(Beginning of INFORMATION SHOWN)

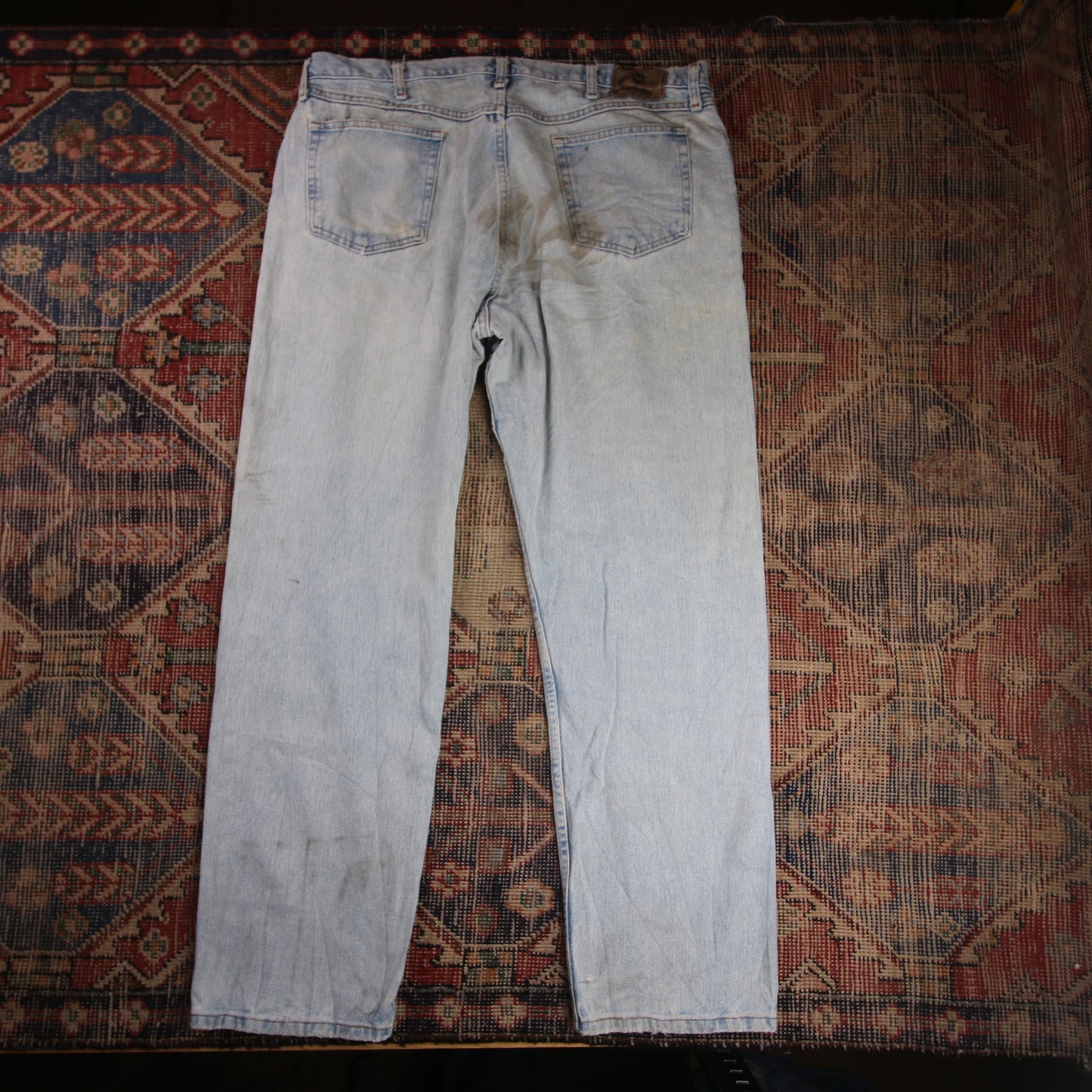 Wrangler W40 L32 Straight Leg Relaxed Fit Blue Denim Jeans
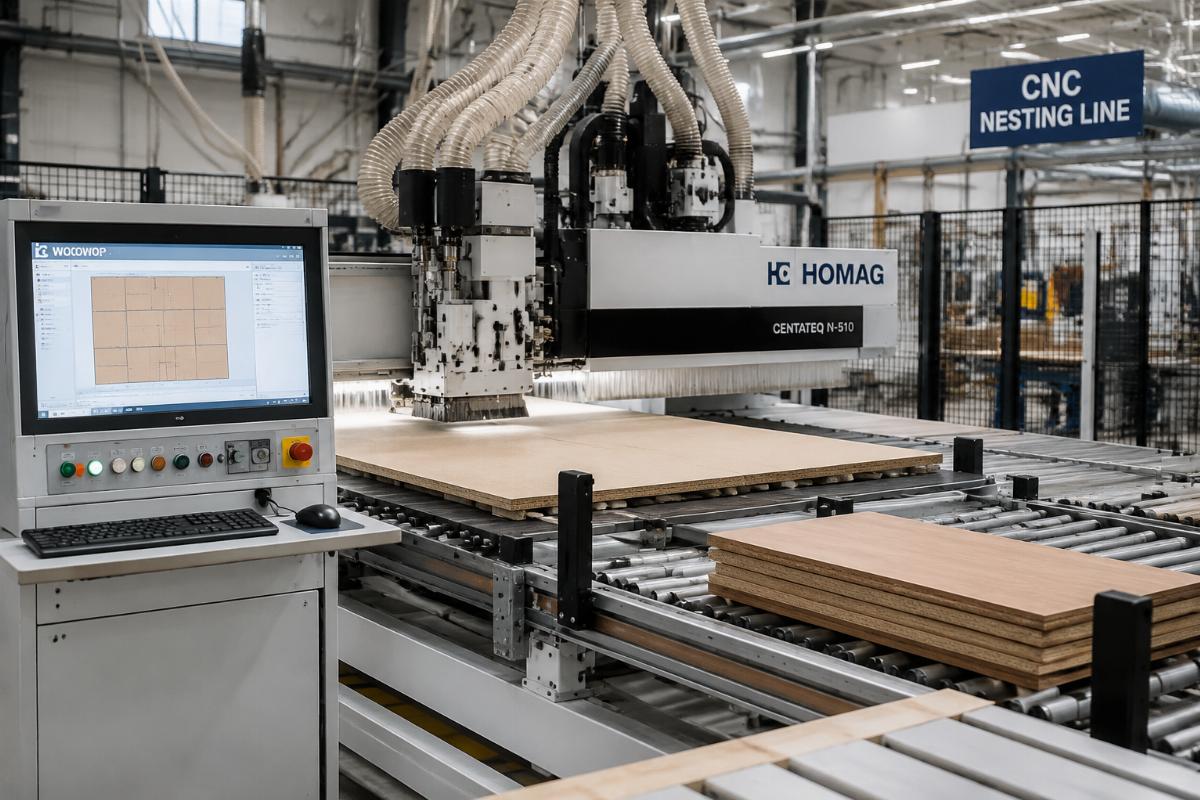 Woodwop CNC production line for high volume cabinet manufacturing Woodwop compatible CNC nested machining center in operation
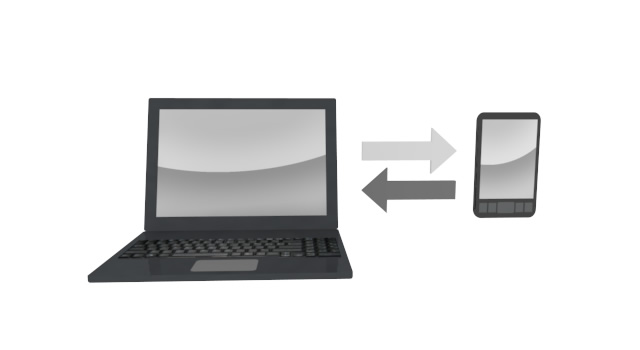 データを同期する - スマホ / イラスト / アプリケーション / 写真 / フリー素材 / モバイル / フォト / サーバー / ネット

(End of INFORMATION SHOWN)

**PROBLEM REQUIREMENTS**
Leave the pictures out and output the rest of the listing exactly.

**TASK SOLUTION**
 Wrangler W40 L32 Straight Leg Relaxed Fit Blue Denim Jeans
 Woodwop CNC production line for high volume cabinet manufacturing Woodwop compatible CNC nested machining center in operation
 データを同期する - スマホ / イラスト / アプリケーション / 写真 / フリー素材 / モバイル / フォト / サーバー / ネット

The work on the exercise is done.